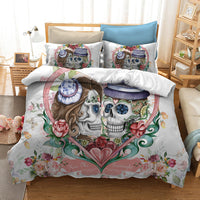 HKM-976403 Watercolor Flower Skull Duvet Cover Bedding Set in Various Sizes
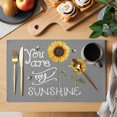 thumbnail image 2 of Sunflowers Placemats Set of 6, Modern Bee You Are My Sunshine Grey Placemats for Dining Table, Place Mats for Kitchen Tabletop, Waterproof Wipeable Dining Table Mats Set, 2 of 9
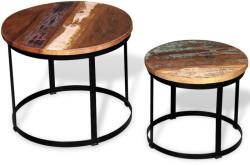 vidaXL Set măsuță cafea 2 piese 40cm/50cm lemn masiv reciclat rotund (244007) Masa de cafea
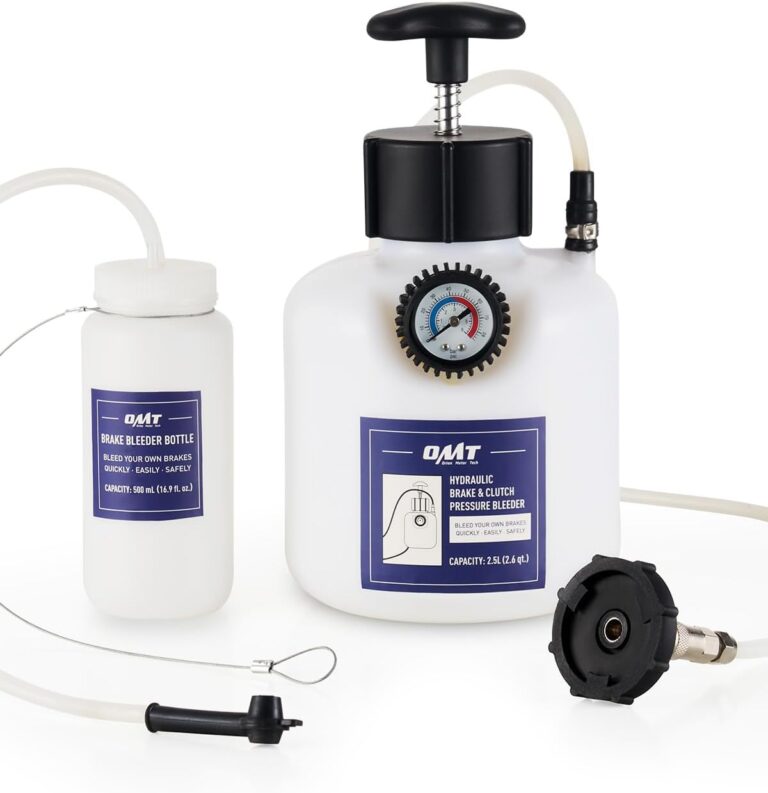 Read more about the article Orion Motor Tech Pressure Bleeder, 2.5L Pressure Brake Bleeder Set with 49.5mm Adapter, 2.6qt Manual Power Brake Bleeder with 500mL Brake Bleeder Bottle Compatible with GM Models Chevrolet Chrysler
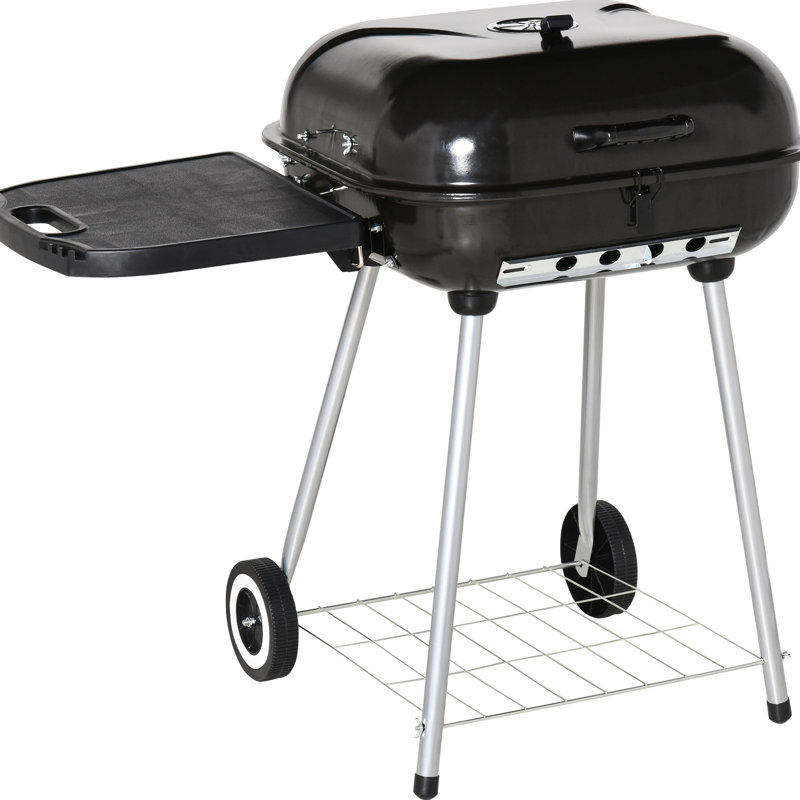 Barbecue au charbon portatif 21 "avec tablette inférieure - Roues et évents réglables pour la cour, le camping, le pique-nique, merveilleux barbecue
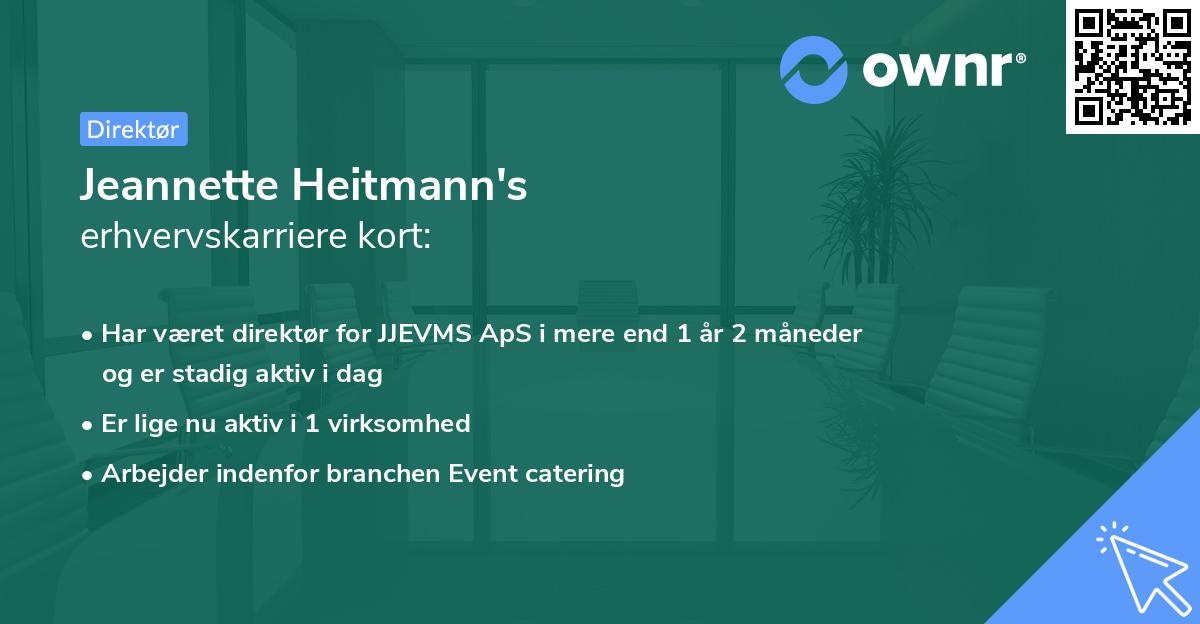 Jeannette Heitmann's erhvervskarriere kort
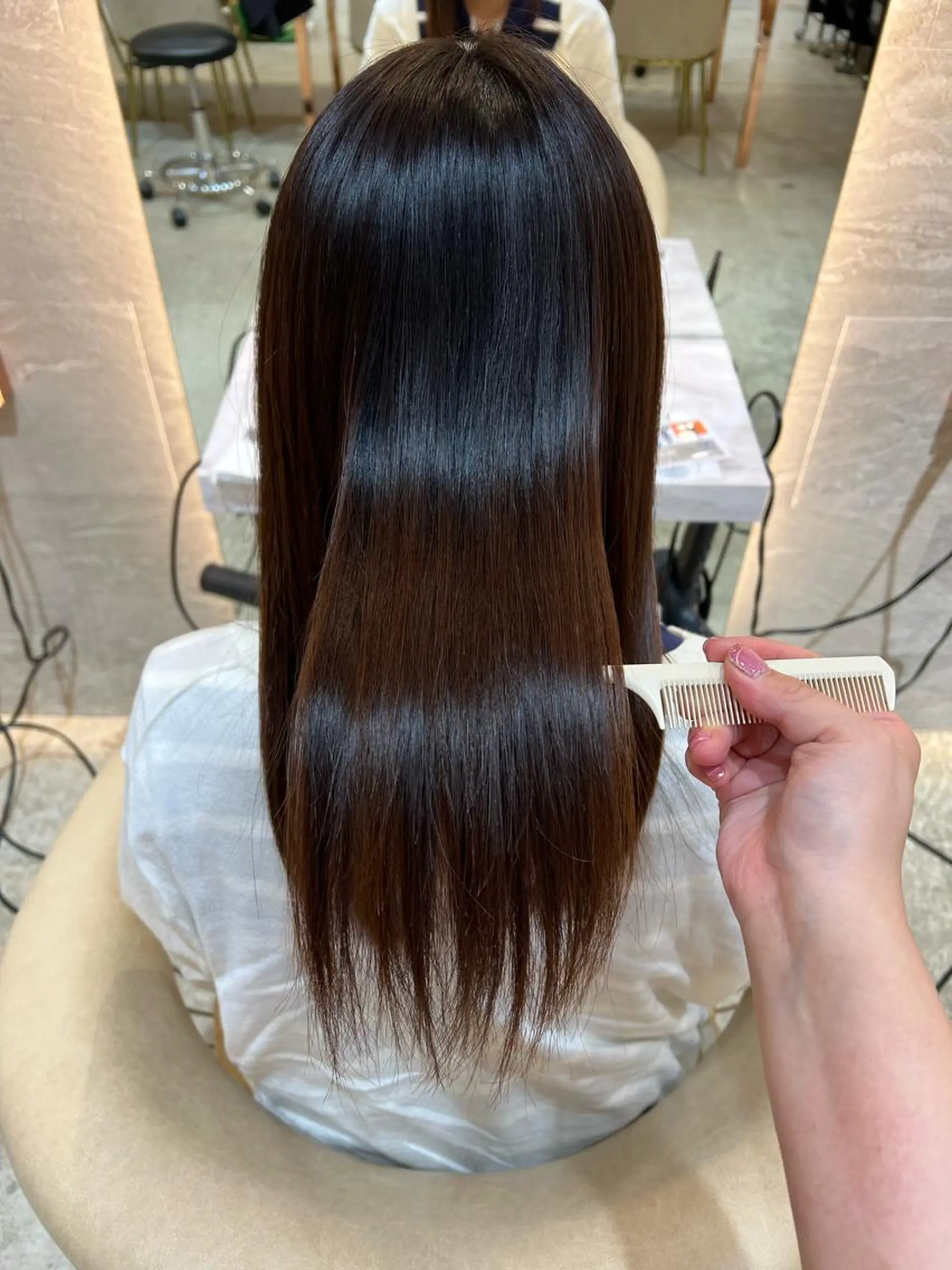 ロング ボブ/巻ける縮毛矯正 /韓国レイヤーはなのヘアスタイル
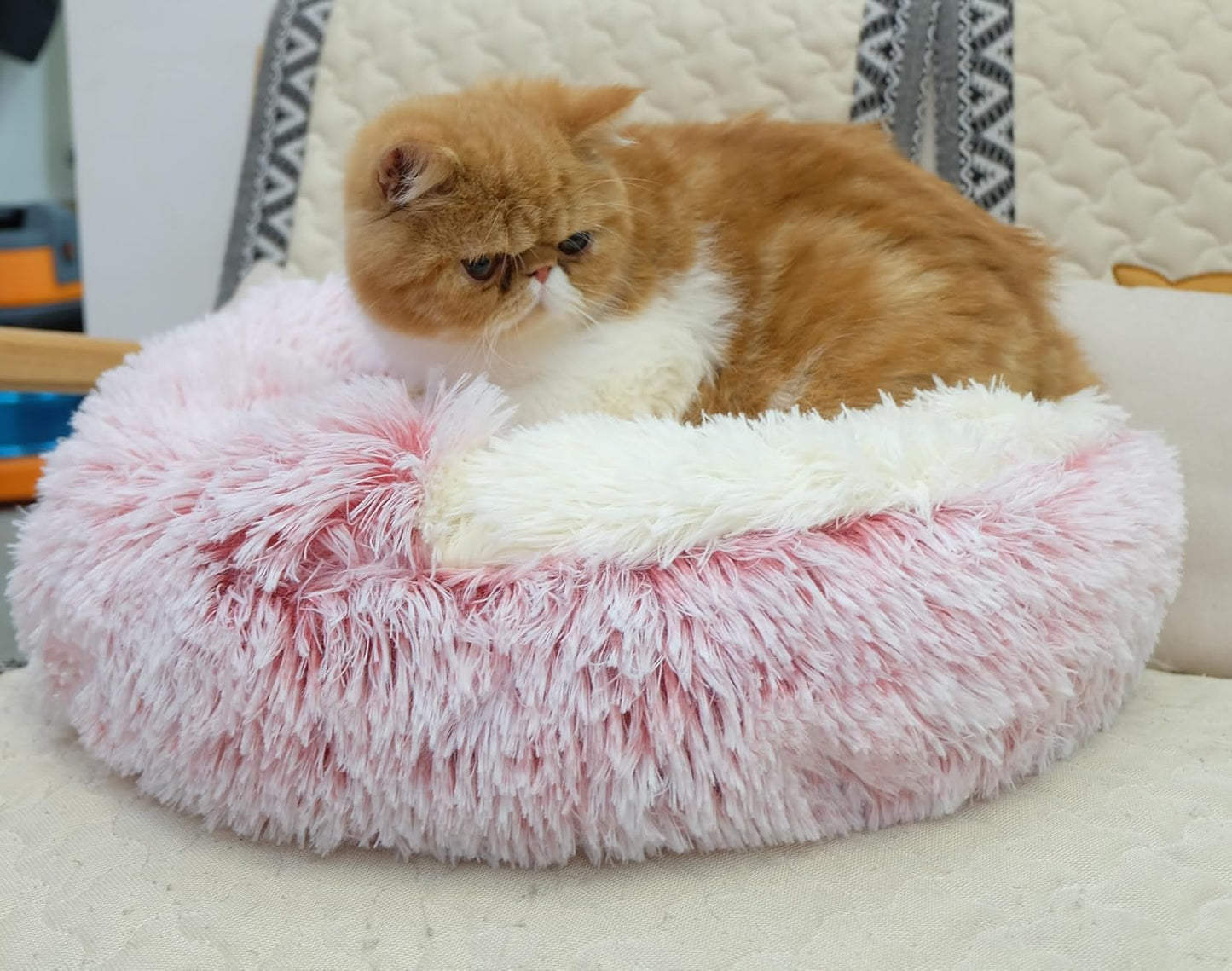 Calming round Dog Bed & Cat Cave with Hooded Cover, Plush Fluffy Anti-Anxiety Cat Bed, Waterproof Bottom Washable (Pink, 20X20Inch)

——

→ Assigned task:
Print the data exactly, from its first line to the line containing "Read more about", both included. Omit the pictures.

→ Reply:
 HKM-976403 Watercolor Flower Skull Duvet Cover Bedding Set in Various Sizes
 thumbnail image 2 of Sunflowers Placemats Set of 6, Modern Bee You Are My Sunshine Grey Placemats for Dining Table, Place Mats for Kitchen Tabletop, Waterproof Wipeable Dining Table Mats Set, 2 of 9
 vidaXL Set măsuță cafea 2 piese 40cm/50cm lemn masiv reciclat rotund (244007) Masa de cafea
 Read more about the article Orion Motor Tech Pressure Bleeder, 2.5L Pressure Brake Bleeder Set with 49.5mm Adapter, 2.6qt Manual Power Brake Bleeder with 500mL Brake Bleeder Bottle Compatible with GM Models Chevrolet Chrysler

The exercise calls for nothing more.